Rhythm & Views


Sick of indie rock? Me, too. From the Shins to the Kills to the Thermals, it's all just watered-down, late-'80s alt-rock minus flannel, hooks and innovative guitarmanship. Seriously, these crazy kids have made it impossible to find, much less buy, a vintage Telecaster in many urban areas of the country. Find another axe to grind, people!

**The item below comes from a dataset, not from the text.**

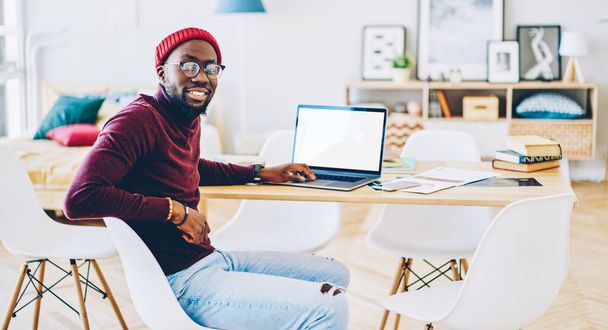 Portrait of african american hipster guy enjoy new software for netbook with mock up screen working on freelance at home, cheerful man looking at camera satisfied with earning money on laptop at fla - 写真・画像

Of course, there are always striking exceptions to the blandness that marks the indie-rock genre as a whole, and I suspect the Constantines play Telecasters because their stadium-rockin' hero Bruce Springsteen plays one. Songs like "Working Full-Time"--which sounds like an outtake from Darkness on the Edge of Town--and the love anthem "Lizaveta" are soaked in blue-collar sweat and factory-punched imagery. In the former, vocalists/guitarists Bryan Webb and Steve Lambke howl: "Vigilant people / In the cult of enterprise / Lean into the day / with all your heart and mind." There is real poetry to be enjoyed in Tournament of Hearts, a refreshing departure from the nonsensical lyrics that indie-rockers try to pass off as verse. Still, with its dry, muted production and spiky guitar arrangements, this album won't scare off any Modest Mouse fans.

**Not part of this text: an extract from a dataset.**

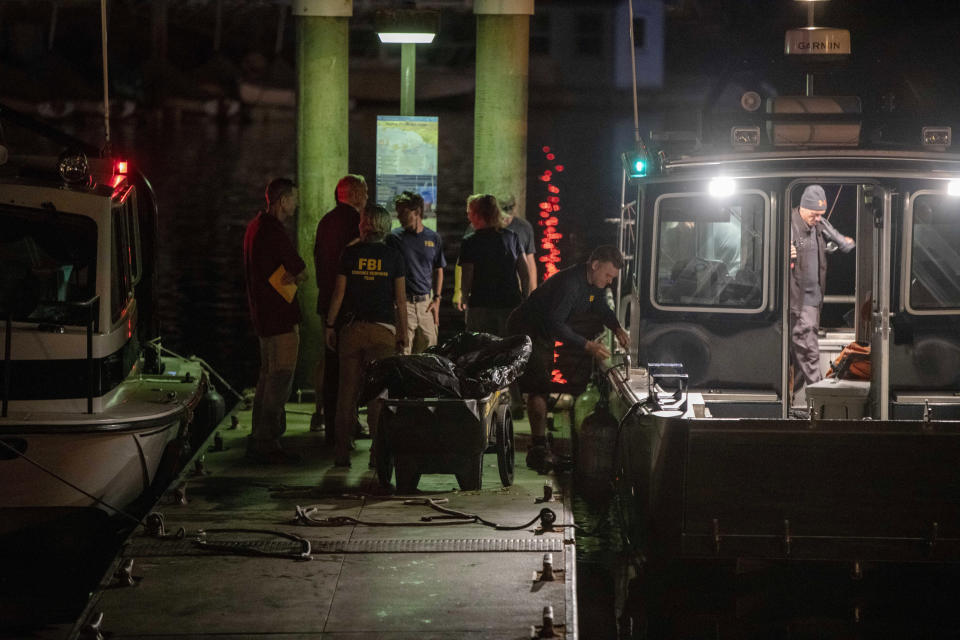 Authorities and FBI investigators cart away evidence taken from the scuba boat Conception in Santa Barbara Harbor at the end of their second day searching for the remaining divers still missing from the deadly pre-dawn fire on Tuesday, Sept. 3, 2019, in Santa Barbara, Calif. A fire raged through the boat Conception carrying recreational scuba divers anchored near an island off the Southern California Coast Monday, leaving multiple people dead. (AP Photo/Christian Monterrosa)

Hailing from Guelph, Ontario, the Constantines have more to recommend them besides a knack for restrained yet rewarding songcraft. They bring a passionate intensity that threatens to boil over the tight, indie-rock format they refuse to abandon. In "Love in Fear," when Webb demands to be kissed on a rooftop "under helicopters of desire," you may find yourself wishing for a similar infatuation. Or you may just search eBay for a used Telecaster.